In step S1642, the server 600 temporarily stores the threat object information received from the HMD set 110B. The server 600 executes the synchronization process by transmitting the threat object information to each of the HMD sets 110A to 110D of the users 5A to 5D associated with the common virtual space 11.

In step S1643, the processor 210A in the HMD set 110A updates the information of the threat object 2051 in the virtual space 1811A based on the threat object information transmitted from the server 600 to the HMD set 110A, as shown in FIG. For example, when the user 5B throws the threat object 2051 toward the avatar object 1506A, the information of the threat object 2051 is updated at any time so that the threat object 2051 moves toward the avatar object 1506A.

In step S1644, the server 600 determines whether or not the threat object 2051 has approached the avatar object 1506A within a predetermined distance based on the threat object information received from the HMD set 110B. For example, as shown in FIG. 21, the server 600 is a virtual device in which at least a part of the threat object 2051 approaches the avatar object 1506A within a predetermined distance L, that is, is formed at a position of a predetermined distance L from the avatar object 1506A. It is determined whether or not the object is within the circle 2052.

If it is determined that the threat object 2051 has approached the avatar object 1506A within a predetermined distance L (Yes in step S1644), in step S1645, the server 600 attaches the threat object 2051 to the virtual camera associated with the avatar object 1506A. Within the view area 1815A of 1814A, for example, the object is moved to a position separated from the avatar object 1506A by a predetermined distance or more (see FIG. 22). For the sake of simplification of the drawing, in FIG. 22, the moving position of the threat object 2051 is shown so as to be within the view area 1815A and at a position farther from the virtual circle 2052. Not limited.
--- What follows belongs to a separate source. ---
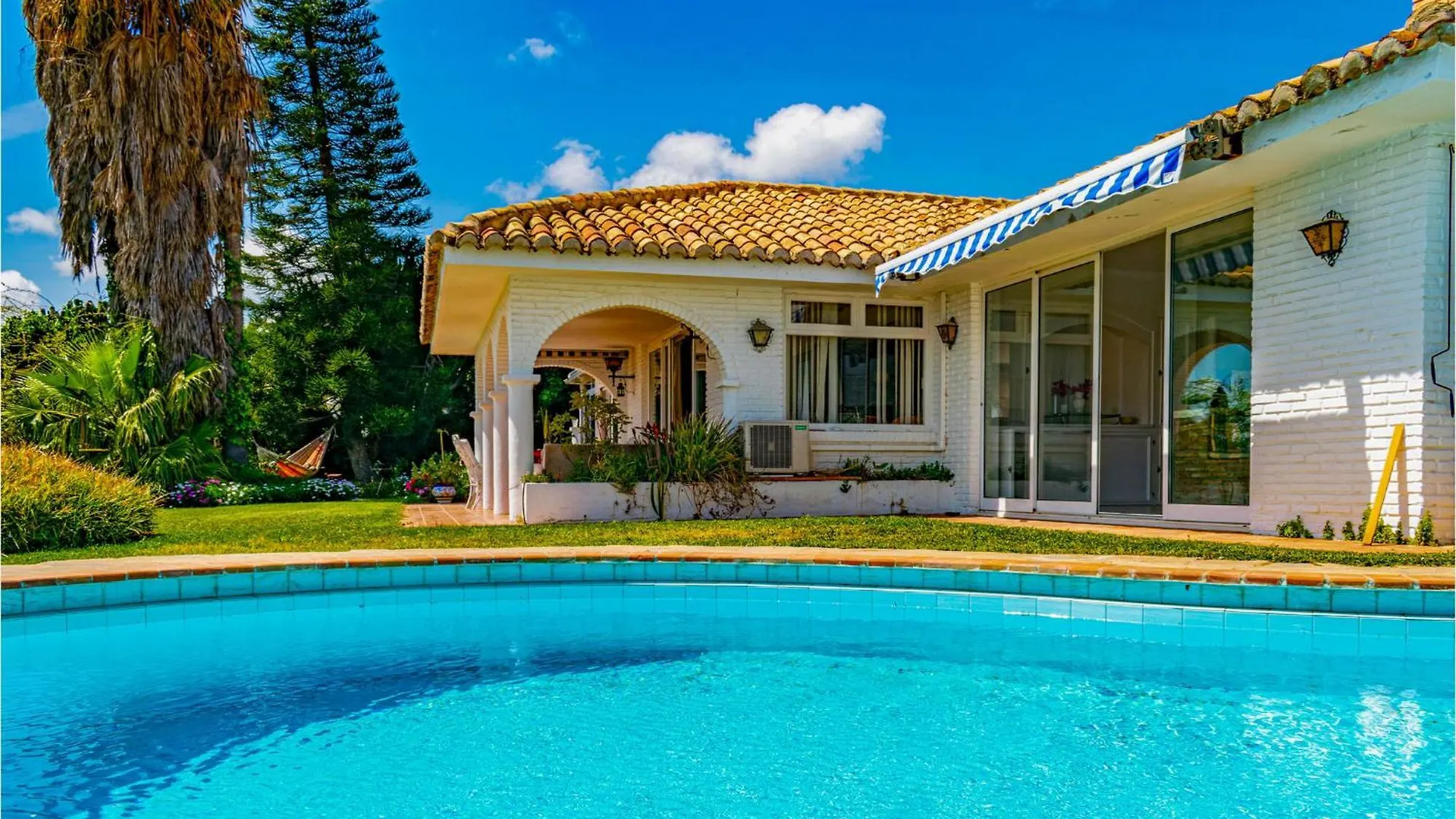 Holiday home Beautiful Home In Urbanizacion La Capell Torremuelle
If the threat object 2051 is placed in the field of view area 1815A and at a position separated from the avatar object 1506A by a certain distance, the threat object 2051 may be placed at a position farther than the predetermined distance L or closer to the predetermined distance L. good. In any case, in order to make the threat object 2051 visible to the user 5A, the threat object 2051 may be located within the field of view area 1815A of the user 5A and at a certain distance from the avatar object 1506A. preferable. Then, the server 600 transmits the updated information of the threat object 2051 to the processor 210A of the HMD set 110A.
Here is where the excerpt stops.